**Description of the task**
From the line containing "霍尼韦尔风机盘管控制方案三-两管制单冷或单热" to the end of the listing, copy each line exactly and leave out all others.

**Records for the exercise**

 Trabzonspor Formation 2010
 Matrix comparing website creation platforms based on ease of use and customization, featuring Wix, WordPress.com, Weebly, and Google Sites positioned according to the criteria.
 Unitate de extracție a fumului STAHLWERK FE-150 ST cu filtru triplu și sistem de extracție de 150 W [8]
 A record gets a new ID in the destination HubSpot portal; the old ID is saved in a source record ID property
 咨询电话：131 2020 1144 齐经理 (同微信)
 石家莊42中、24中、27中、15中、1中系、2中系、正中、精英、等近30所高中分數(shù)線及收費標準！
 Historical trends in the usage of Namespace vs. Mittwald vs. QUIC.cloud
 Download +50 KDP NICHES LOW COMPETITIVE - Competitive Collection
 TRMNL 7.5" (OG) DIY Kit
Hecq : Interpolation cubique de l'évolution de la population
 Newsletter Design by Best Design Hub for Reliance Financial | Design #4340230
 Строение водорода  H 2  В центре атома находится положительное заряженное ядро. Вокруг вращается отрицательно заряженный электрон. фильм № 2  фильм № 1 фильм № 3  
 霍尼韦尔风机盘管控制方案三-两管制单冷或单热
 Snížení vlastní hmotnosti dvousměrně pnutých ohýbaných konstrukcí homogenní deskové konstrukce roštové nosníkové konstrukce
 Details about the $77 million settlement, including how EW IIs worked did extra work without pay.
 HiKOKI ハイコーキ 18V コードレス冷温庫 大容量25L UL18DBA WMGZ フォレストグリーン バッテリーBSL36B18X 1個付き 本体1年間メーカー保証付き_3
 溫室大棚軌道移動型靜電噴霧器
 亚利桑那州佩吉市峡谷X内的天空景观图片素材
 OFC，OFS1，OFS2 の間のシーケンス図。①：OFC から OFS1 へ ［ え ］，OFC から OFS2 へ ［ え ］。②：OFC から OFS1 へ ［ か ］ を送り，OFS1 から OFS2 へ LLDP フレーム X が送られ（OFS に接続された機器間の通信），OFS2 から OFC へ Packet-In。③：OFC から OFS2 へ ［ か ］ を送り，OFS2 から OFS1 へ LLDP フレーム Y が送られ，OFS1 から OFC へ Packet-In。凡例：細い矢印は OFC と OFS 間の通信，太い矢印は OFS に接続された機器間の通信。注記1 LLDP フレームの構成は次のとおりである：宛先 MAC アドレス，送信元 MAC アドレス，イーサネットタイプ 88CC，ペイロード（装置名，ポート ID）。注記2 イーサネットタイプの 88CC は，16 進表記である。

**Response area**
 霍尼韦尔风机盘管控制方案三-两管制单冷或单热
 Snížení vlastní hmotnosti dvousměrně pnutých ohýbaných konstrukcí homogenní deskové konstrukce roštové nosníkové konstrukce
 Details about the $77 million settlement, including how EW IIs worked did extra work without pay.
 HiKOKI ハイコーキ 18V コードレス冷温庫 大容量25L UL18DBA WMGZ フォレストグリーン バッテリーBSL36B18X 1個付き 本体1年間メーカー保証付き_3
 溫室大棚軌道移動型靜電噴霧器
 亚利桑那州佩吉市峡谷X内的天空景观图片素材
 OFC，OFS1，OFS2 の間のシーケンス図。①：OFC から OFS1 へ ［ え ］，OFC から OFS2 へ ［ え ］。②：OFC から OFS1 へ ［ か ］ を送り，OFS1 から OFS2 へ LLDP フレーム X が送られ（OFS に接続された機器間の通信），OFS2 から OFC へ Packet-In。③：OFC から OFS2 へ ［ か ］ を送り，OFS2 から OFS1 へ LLDP フレーム Y が送られ，OFS1 から OFC へ Packet-In。凡例：細い矢印は OFC と OFS 間の通信，太い矢印は OFS に接続された機器間の通信。注記1 LLDP フレームの構成は次のとおりである：宛先 MAC アドレス，送信元 MAC アドレス，イーサネットタイプ 88CC，ペイロード（装置名，ポート ID）。注記2 イーサネットタイプの 88CC は，16 進表記である。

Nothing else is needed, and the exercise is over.